Wydrukuj tę stronę
poniedziałek, 07 październik 2019 16:36

Cedrob Porty i Zarząd Morskiego Portu Gdańsk zbudują mroźnię Wyróżniony

Napisane przez TB
Oceń ten artykuł
(2 głosów)

Na kongresie 590 Cedrob Cedrob Porty i Zarząd Morskiego Portu Gdańsk, podpisały umowę na budowę mroźni wysokiego składowania na terenie Portu Gdańsk. Budżet inwestycji to minimum 100 mln zł.

Podczas spotkania odbył się panel „Dodatnie saldo handlu zagranicznego – istotny czynnik rozwoju” z udziałem z udziałem ministra Kwiecińskiego, władz portu oraz prezesów firm Fakro, Synthos, Cedrob.

Andrzej Goździkowski Cedrob:

Dorastaliśmy do tego zadania przez kilka lat. Mam marzenie, że kiedyś zbudujemy drugi obieg gdzieś na Adriatyku. Udało nam się uzyskać obustronnie dobre warunki od Portu Gdańsk. Mamy dużą nadwyżkę eksportu nad importem. Żeby podwyźszć eksport drobiu musimy mieć właśnie takie inwestycje jak mroźnia którą wybudujemy razem z Portami Gdańsk. Polska jest trzecim w świecie eksporterem drobiu po USA i Brazylii.

Min. Jerzy Kwieciński:

80% towarów w naszym świecie jest przewożonych drogą wodną. Te kraje które mają silnie rozwinięty transport morski rozwijają się dynamicznie. Odzyskujemy swoje miejsce na Bałtyku. W zeszłym roku przywieźliśmy drogą morską ponad 100 mln. ton towarów. Rozbudowa możliwoości transportowych Polski oznacza większe wpływy do budżetu poprzez podatki.

Do niedawna największym “polskim” portem był Hamburg, to musi się zmienić. Myślę że za cztery lata będziemy wymieniać Cedrob wśród liderów nie tylko polskiej gospodarki. Chcemy odzyskać tę siłę portów którą mieliśmy kiedyś. Do tego potrzebujemy dostępności kolejowej, drogowej - komunikacyjnej.
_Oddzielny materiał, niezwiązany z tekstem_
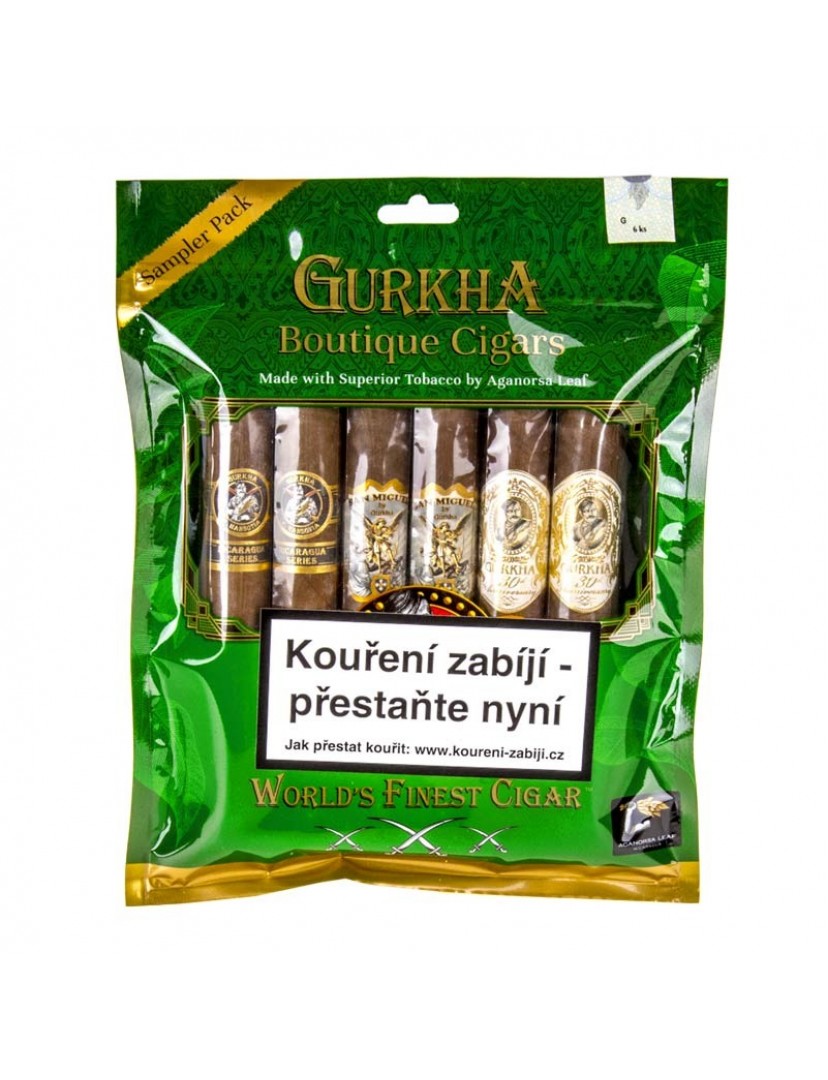 Gurkha Green Pack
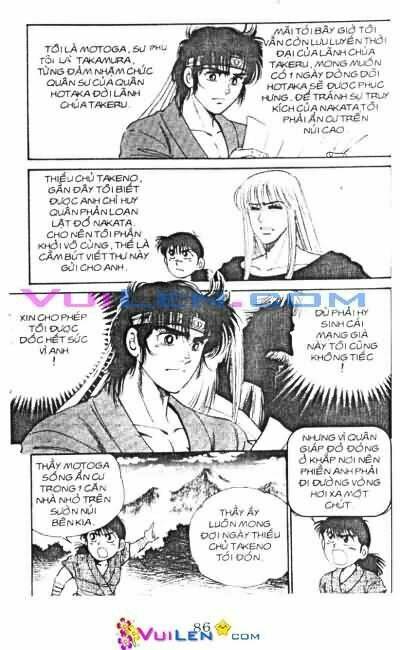 vương tử takeru chapter 18 86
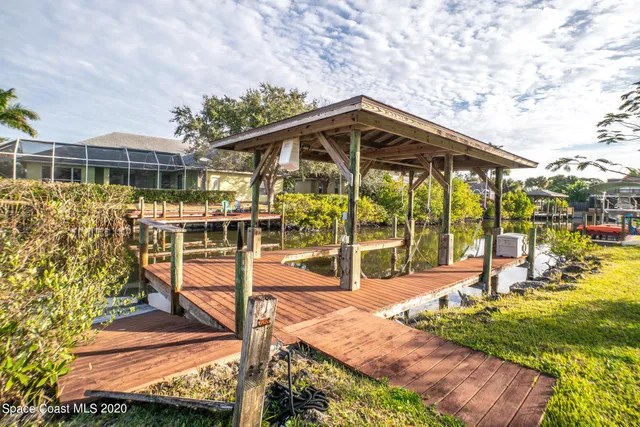 $4,000 | 470 Indian Bay Boulevard, Merritt Island, FL 32953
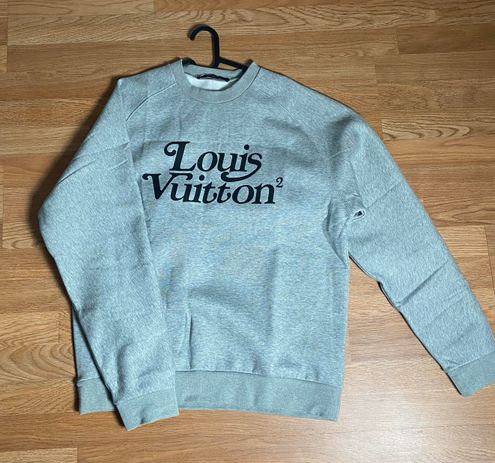 Louis Vuitton X Nigo Crewneck Gray Size L - $241 (86% Off Retail) - From  Apollon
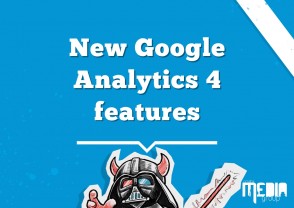 New Google Analytics 4 features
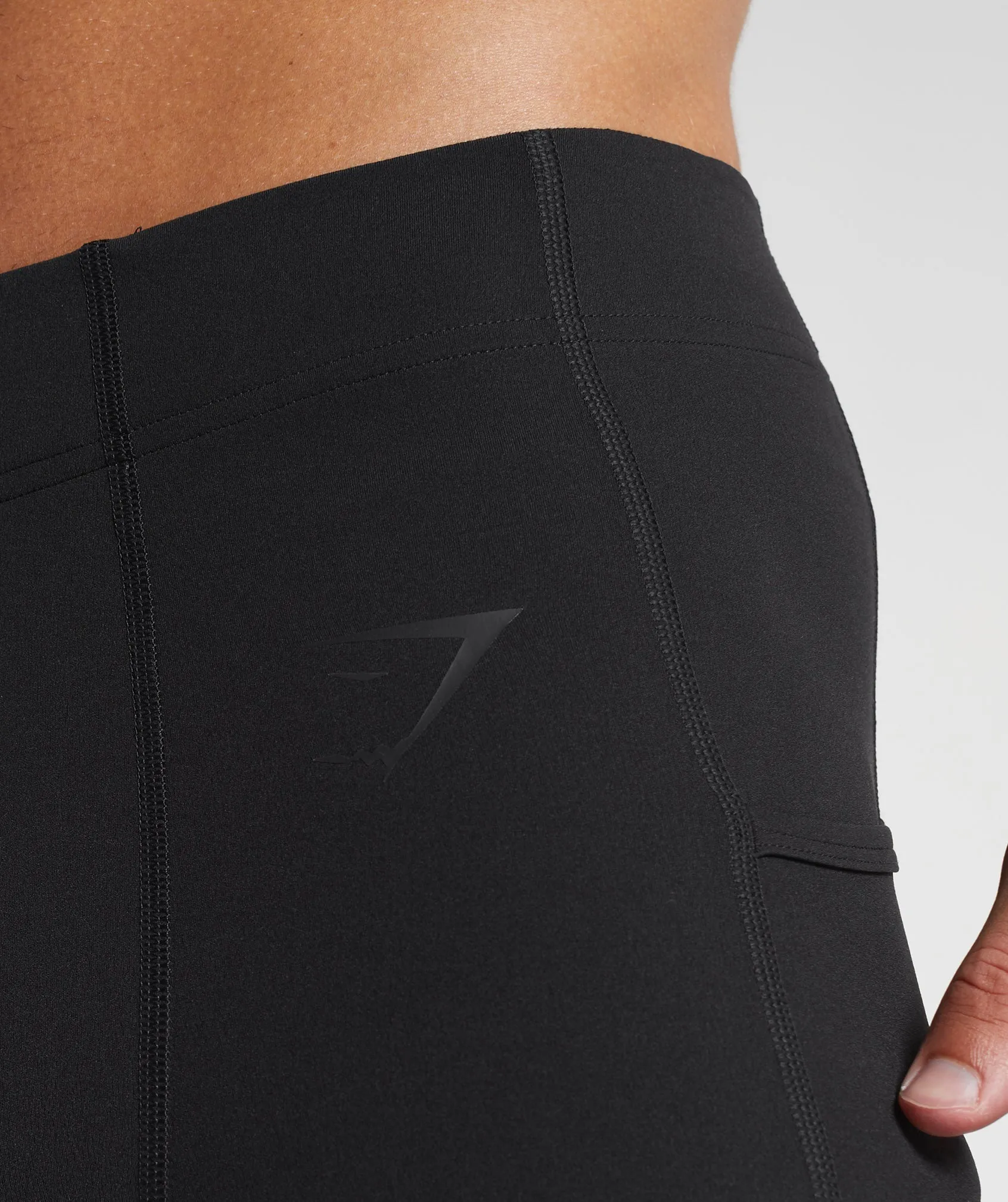 Gymshark Control Baselayer Leggings - Black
Potrzebne są inwestycje w całą polską infrastrukturę.

Grzegorz Witkowski, podsekretarz stanu w Ministerstwie Gospodarki Morskiej i Żeglugi Śródlądowej:

jest to o tyle ważna inwestycja że do portu w Gdańsku wchodzi duży prywatny podmiot który deklaruje że będzie przeładowywał i składował olbrzymie ilości towaru. Tam gdzie są porty, tam jest postęp, rozwój i cywilizacja to pokazuje historia naszego świata. 

Ryszard Florek - Fakro:

rynek okien rozwija się bardzo dynamicznie, branża stolarska która w Polsce rozwija się bardzo szybko wymusiła przenoszenie produkcji z krajów Unii do Polski. Polska produkuje 50% światowego wolumenu okien dachowych. Niestety w Polsce zostaje około 2% zysku z tej porodukcji i eksportu ponieważ firmy z obcym kapitałem nie zostawiają go w Polsce.

Zbigniew Warmuz prezes zarządu Grupy Synthos SA:

w przemyśle chemicznym nie dzieje się dobrze z powodu cen surowców. Polska fabryka Synthos ma nadwyżkę exportu nad importem. Ale to ciężki czas dla firm które są energochłonne, ceny surowców są wysokie z powodu wojny celnej prowadzonej przez Stany Zjednoczone i Chiny. A regulacje unijne wymuszają duże opłaty środowiskowe. My nie widzimy barier w kwestiach transportowych. Perspektywy są bardzo obiecujące.